* _GIVEN DATA_:
※ ※ ※
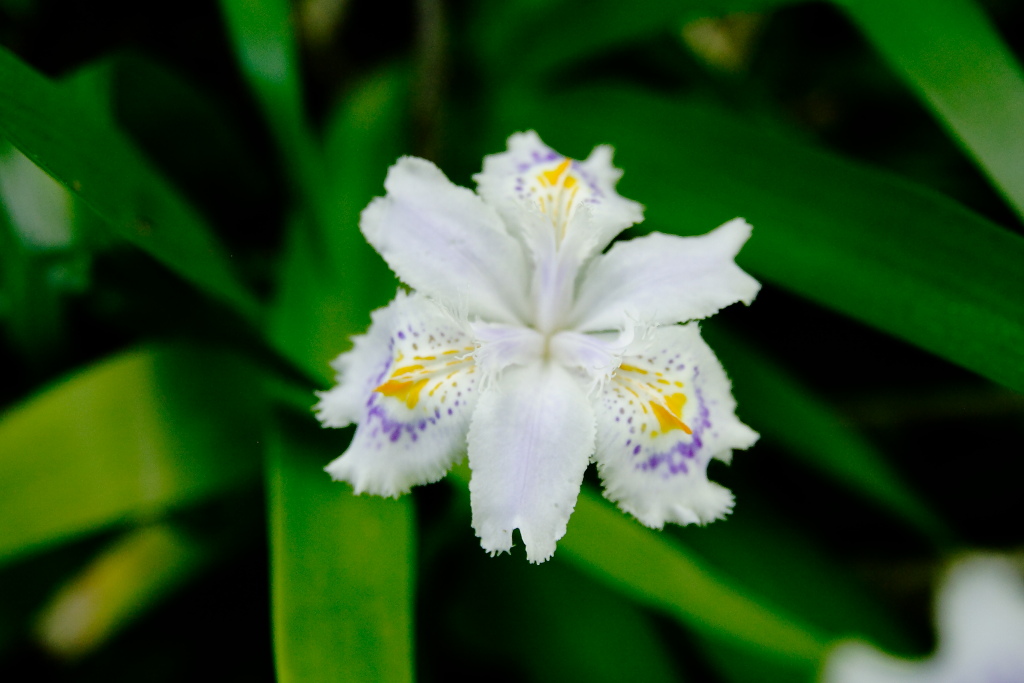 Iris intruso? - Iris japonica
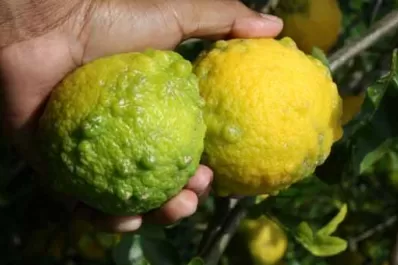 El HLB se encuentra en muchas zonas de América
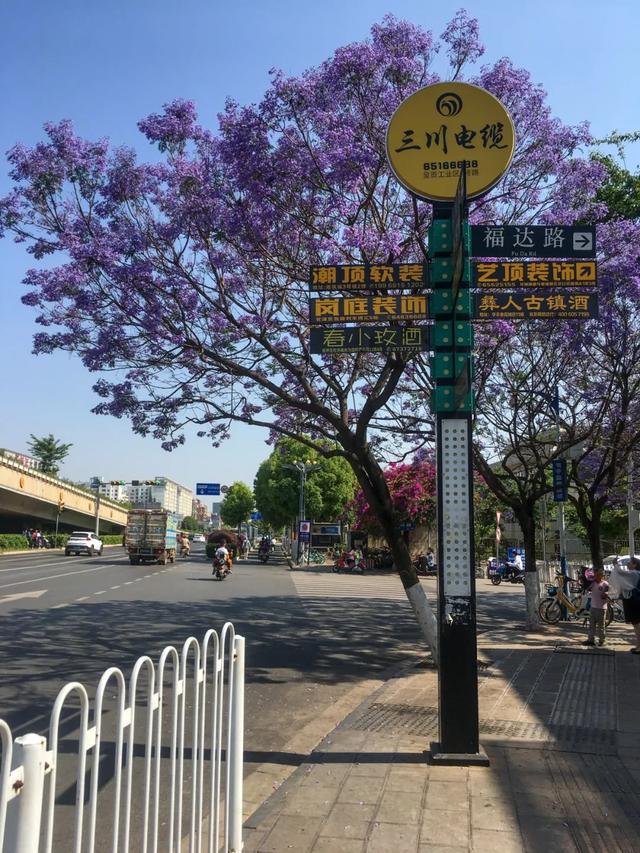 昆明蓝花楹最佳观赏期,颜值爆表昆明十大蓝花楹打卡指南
※ ※ ※
Word for word and without any pictures, return all of the lines above.

* _ANSWER FOR THE TASK_:
 Iris intruso? - Iris japonica
 El HLB se encuentra en muchas zonas de América
 昆明蓝花楹最佳观赏期,颜值爆表昆明十大蓝花楹打卡指南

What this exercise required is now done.